§ **What to work on**
Exact reproduction is required for the lines below starting at the line with "Blumen Muster Plotterdatei SVG DXF FCM" and ending at the line with "Matilda Jane Girls'", both included. No other lines, and no pictures.

§ **Extracted data**
BEGIN

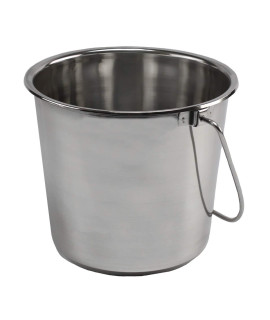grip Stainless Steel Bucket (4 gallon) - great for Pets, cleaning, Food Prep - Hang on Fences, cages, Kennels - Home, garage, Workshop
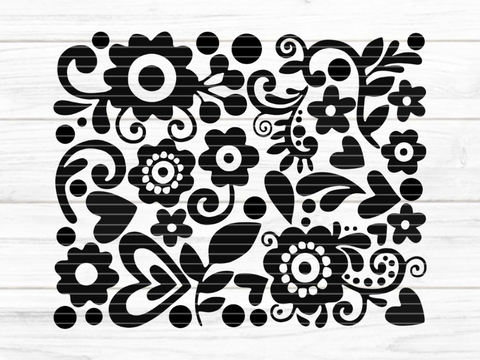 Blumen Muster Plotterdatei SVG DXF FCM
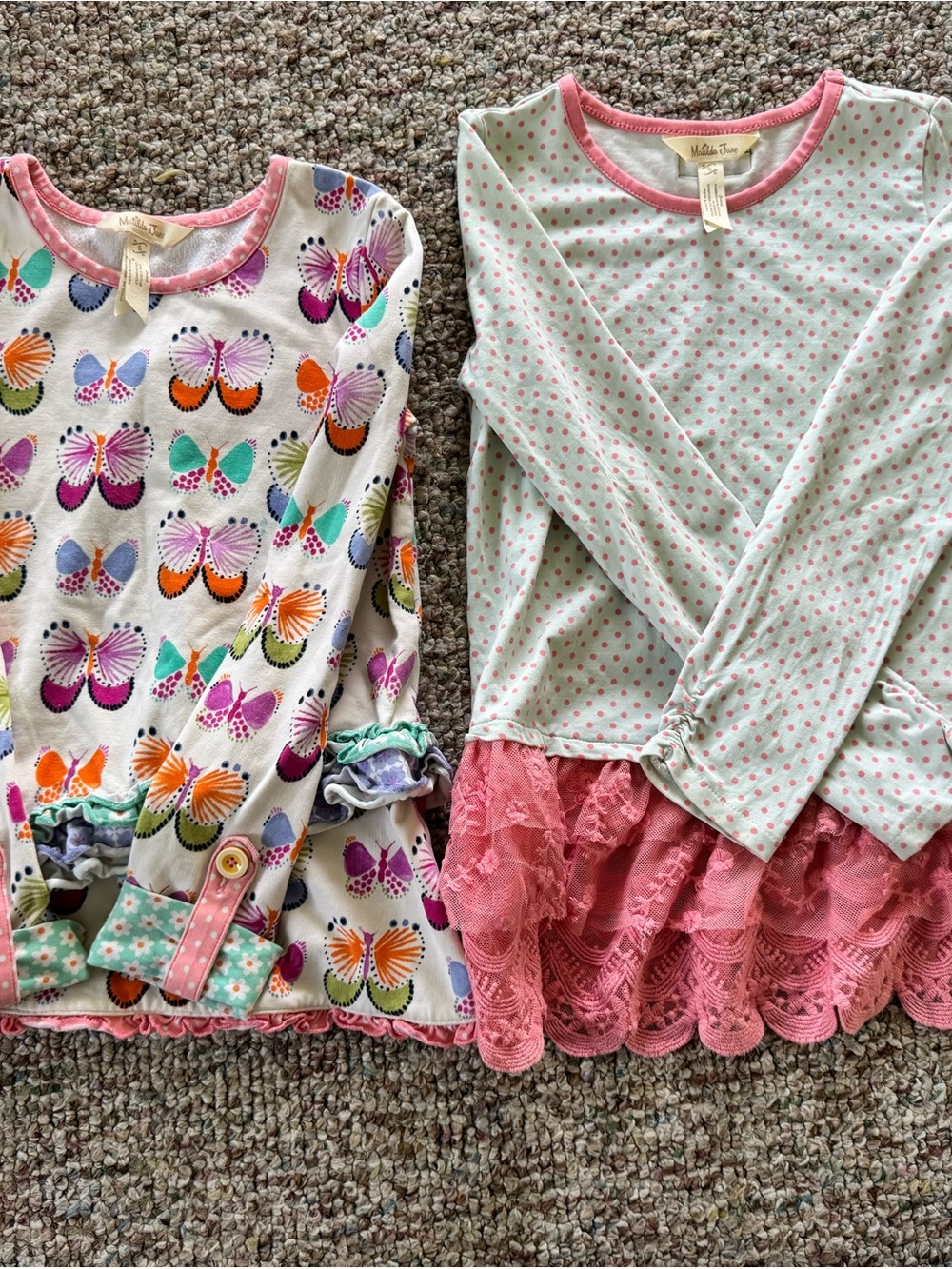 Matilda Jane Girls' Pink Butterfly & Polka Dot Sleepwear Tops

END
BEGIN

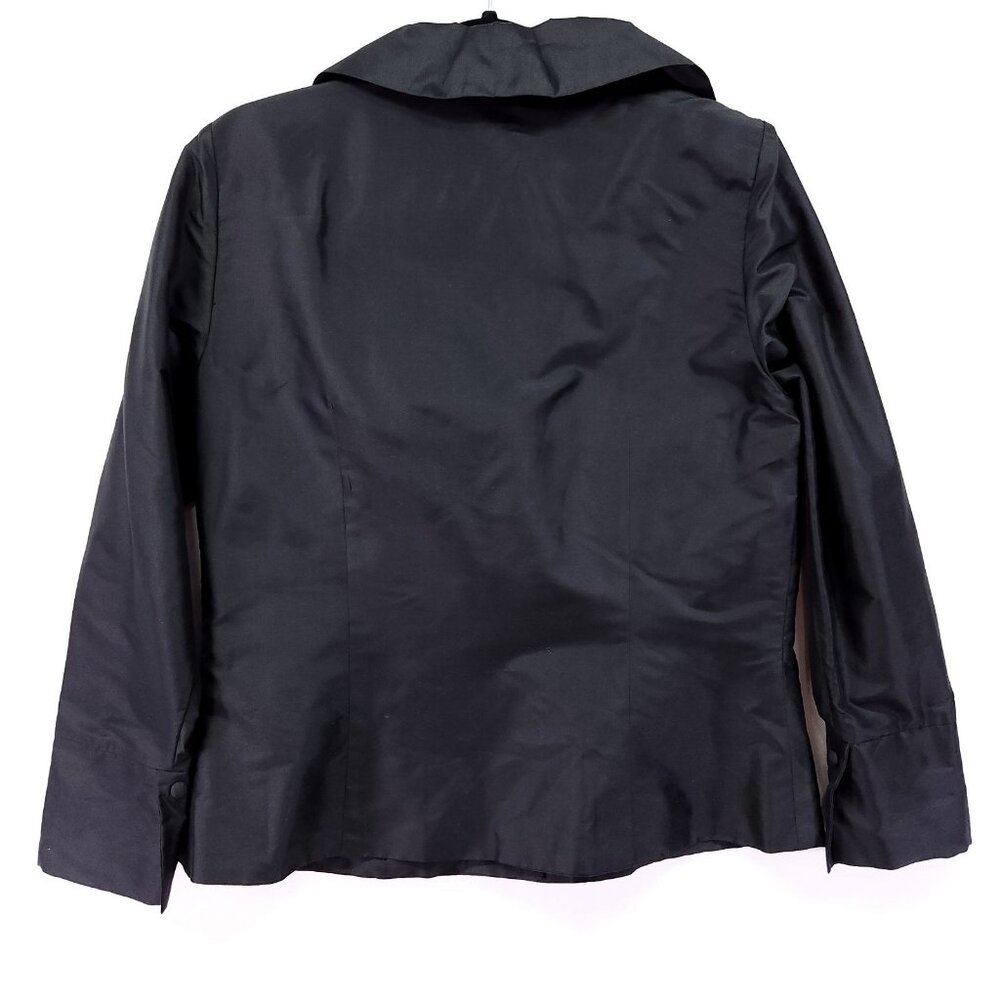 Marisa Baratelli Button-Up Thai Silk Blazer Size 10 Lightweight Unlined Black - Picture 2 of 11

END
BEGIN

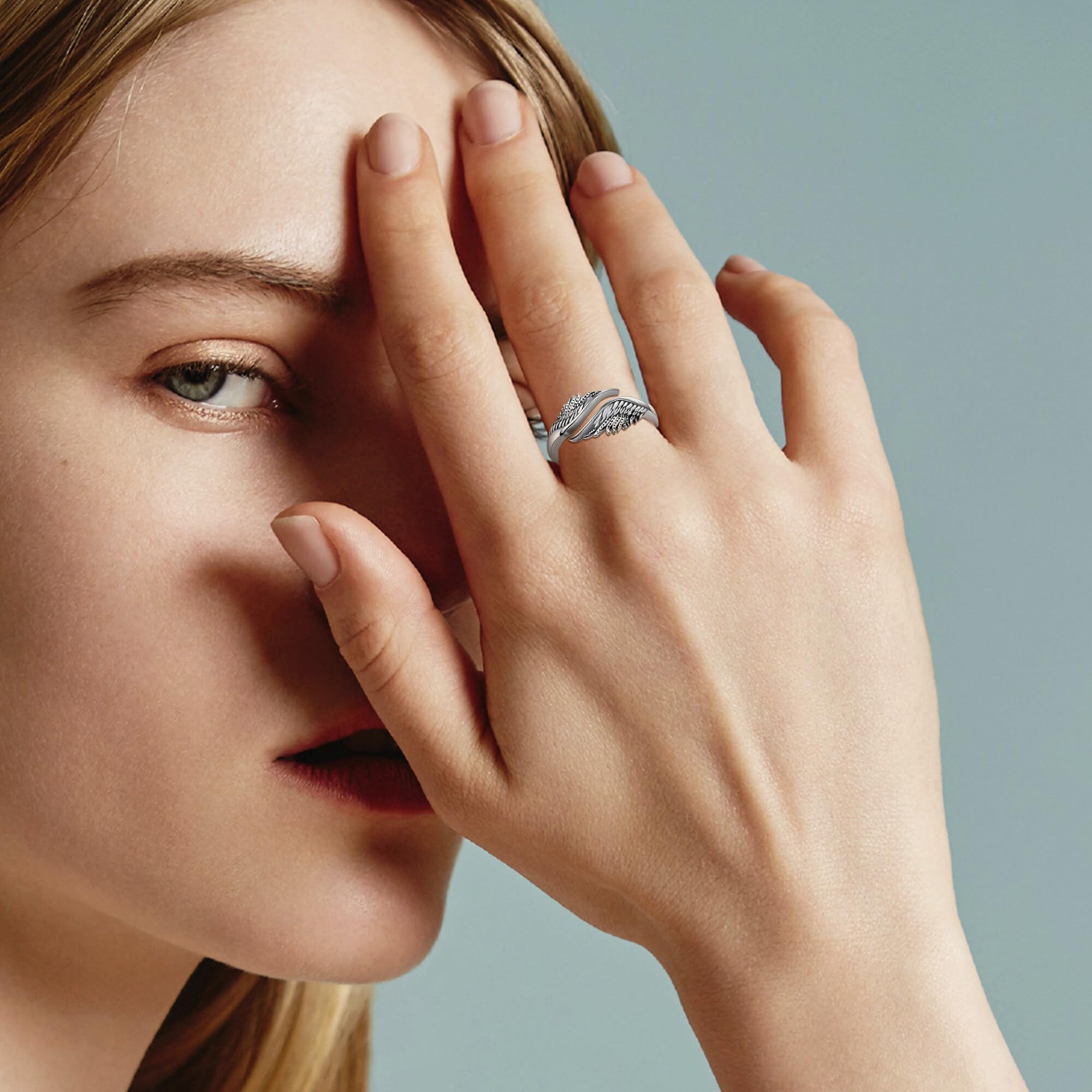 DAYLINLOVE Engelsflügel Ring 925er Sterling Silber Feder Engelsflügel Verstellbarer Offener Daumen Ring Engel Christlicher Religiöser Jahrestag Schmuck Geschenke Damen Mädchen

END

§ **Result for this task**
 Blumen Muster Plotterdatei SVG DXF FCM
 Matilda Jane Girls' Pink Butterfly & Polka Dot Sleepwear Tops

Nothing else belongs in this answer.